The Western press routinely characterizes as terrorism virtually all Palestinian violence against Israelis (even against Israeli occupation forces within Palestine), while the Arab press routinely characterizes as terrorism virtually all Israeli violence against Palestinians. Only this formulation would accommodate both characterizations, as well as most others. However, the word has been so devalued that even violence is no longer an essential prerequisite for its use. In recently announcing a multi-billion dollar lawsuit against 10 international tobacco companies, a Saudi Arabian lawyer told the press: We will demand tobacco firms be included on the lists of terrorists and those financing and sponsoring terrorism because of the large number of victims smoking has claimed the world over. If everyone recognized the word terrorism is fundamentally an epithet and a term of abuse, with no intrinsic meaning, there would be no more reason to worry about the word now than prior to Sept. 11. However, with the United States relying on the word to assert, apparently, an absolute right to attack any country it dislikes (for the most part, countries Israel dislikes) and with President Bush repeatedly menacing that either you're with us or you're with the terrorists (which effectively means, either you make our enemies your enemies or you'll be our enemy - and you know what we do to our enemies), many people around the world must feel a genuine sense of terror (dictionary definition: a state of intense fear) as to where the United States is taking the rest of the world.

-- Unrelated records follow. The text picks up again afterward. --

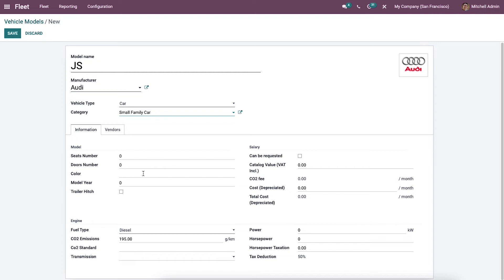Inside the model we can enter the seat number, door number, colors, model year, and other vehicle details. We can add the catalog value and CO2 fields inside the salary option. The default recurring cost applied to a vehicle is set here, where you can add the cost value and total cost. The user can request a contract for a new vehicle by activating the 'Can Be Requested' option.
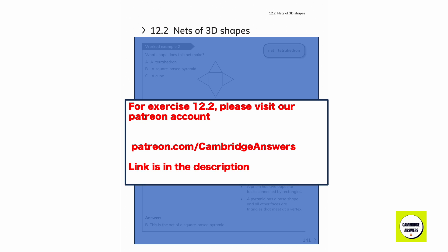For exercise 12.2, please visit our Patreon account at patreon.com/gamenage. The answers link is in the description.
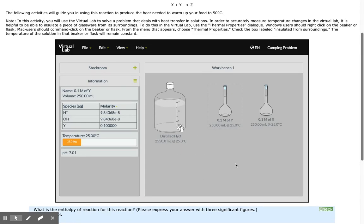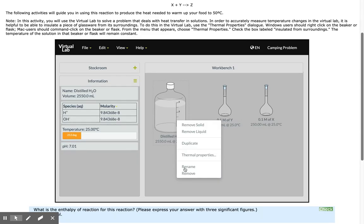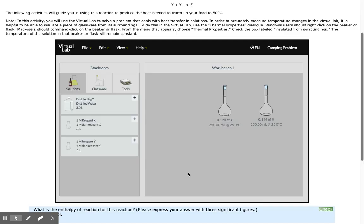You can see I now have another volumetric flask with 0.1 molar of Y. This is also 250 milliliters. I'm done with the distilled water, so I can remove that from the desktop.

Meanwhile, in America itself, the Bush Administration appears to be feeding the US Constitution and America's traditions of civil liberties, due process and the rule of law into a shredder - mostly to domestic applause or acquiescence. Who would have imagined that 19 angry men armed only with knives could accomplish so much, provoking a response, beyond their wildest dreams, which threatens to be vastly more damaging to their enemies even than their own appalling acts? If the world is to avoid a descent into anarchy, in which the only rule is might makes right, every retaliation provokes a counter-retaliation and a genuine war of civilizations is ignited, the world - and particularly the United States - must recognize that terrorism is simply a word, a subjective epithet, not an objective reality and certainly not an excuse to suspend all the rules of international law and domestic civil liberties which have, until now, made at least some parts of our planet decent places to live.